Восстанавливать, к примеру, еврейскую культуру -- до самых последних
дней -- никто и не думал. Отвечали: "нехватка средств". Восстанавливать
всегда не хватало, а разрушать -- хватало всегда.
Едва советские войска вошли в Латвию, как запретили иврит, а нам,
школьникам, объявили, что со следующего учебного года школ на идиш не будет.
Разогнали эти школы тут же, не дожидаясь следующего года. Тогда же закрыли
все еврейские организации, даже спортивные и религиозные. Разогнали
еврейскую общину, еврейские больницы, дома для престарелых, детские приюты.
Закрыли еврейские библиотеки. После войны уничтожили синагоги, которые
гитлеровцы не успели стереть с лица земли.
Государственный антисемитизм, не стихавший ни в сталинской, ни в
послесталинской России ни на час, был первой спичкой, поднесенной к тому
горючему конгломерату, который назывался советскими газетами дружбой
народов. Бикфордов шнур поджег не кто иной, как наш дорогой партийный
аппарат -- главная власть и в центре, и на местах. Теперь он как бы поджал
когти, выталкивая вперед для маскировки боевиков типа "Памяти"...
Не знаю, может быть, со мной не согласятся многие, в том числе иные
ветераны, мои уважаемые соавторы, которые пишут о своей ностальгии; я
ностальгии по неволе не испытываю. Не испытываю тоски по российскому
шовинизму тоже.
Как и по лагерному беззаконию без конца и края, которое называется
однопартийной системой.
Будьте вы все здоровы! И не считайте меня врагом социализма.
Я социализму друг, товарищ и брат. Только скандинавскому да отчасти
канадскому, который и сам живет, и другим дает...
ПОСЛЕСЛОВИЕ
Мы завершаем свой путь в благословенной Канаде. Преувеличиваем ли мы,
давая Канаде эпитет "благословенная"?
Судите сами...
Когда мы уезжали из СССР, у нас, вопреки советским законам, отобрали
гражданство. И, как следствие, отобрали право на пенсию, которую мы тяжким и
многолетним трудом заработали.
А когда прибыли в капиталистическое государство, большинство в
преклонном возрасте, нам, к нашему удивлению, выдали столько разных видов
социальной помощи, которую в СССР не только заработать, но и в мечтах нельзя
представить.
Все мы получили "велфер" (450-- 460 долларов) плюс бесплатное
медицинское обслуживание и бесплатные лекарства, транспортные льготы (50%) и
практически бесплатные квартиры.
Когда у ветеранов войны родилась идея этой книги, нам пошли навстречу и
Бейкрест, где помогают пострадавшим и больным, и федеральное правительство в
Оттаве, финансировавшее это издание. Никто не спрашивал, о чем мы хотим
рассказать. Никто не навязывал своих идей. Непривычная свобода...
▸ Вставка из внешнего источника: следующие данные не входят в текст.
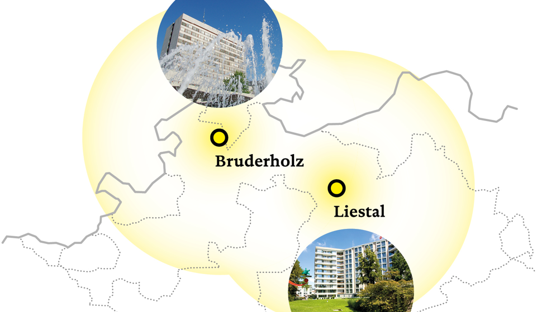 KSBL begrüsst Richtungsentscheid des Regierungsrats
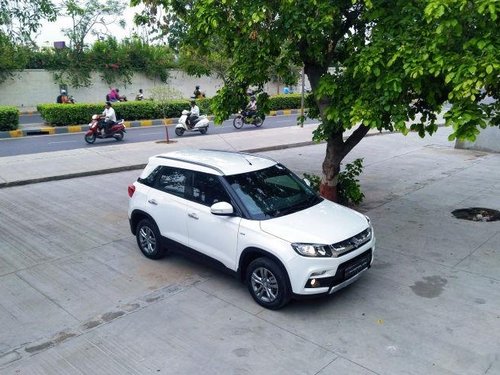 Used Maruti Suzuki Vitara Brezza ZDi Plus MT 2017 for sale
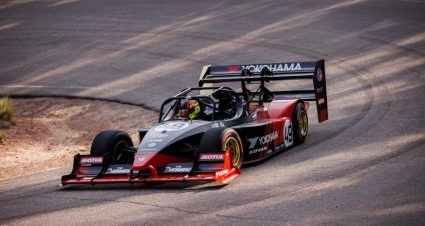 Donner & Shute Speed On Day 2 At Pikes Peak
Вот почему нет преувеличения в том, что мы назвали Канаду страной
благословенной.
Мы благодарим судьбу за то, что она свела нас с писателем Григорием
Свирским, который пошел нам навстречу: вложил в наши воспоминания свой
талант, свое профессиональное умение. И сделал эту книгу, которую мы
посвящаем нашим детям и внукам. Уже сейчас многие из них не могут поверить в
то, что мы пережили все описанное нами. "Такого не может быть на земле!" --
восклицают они.
И да будет с нами "дорогое неверье детей", как сказал один русский
поэт, прошедший тот же путь, что и мы.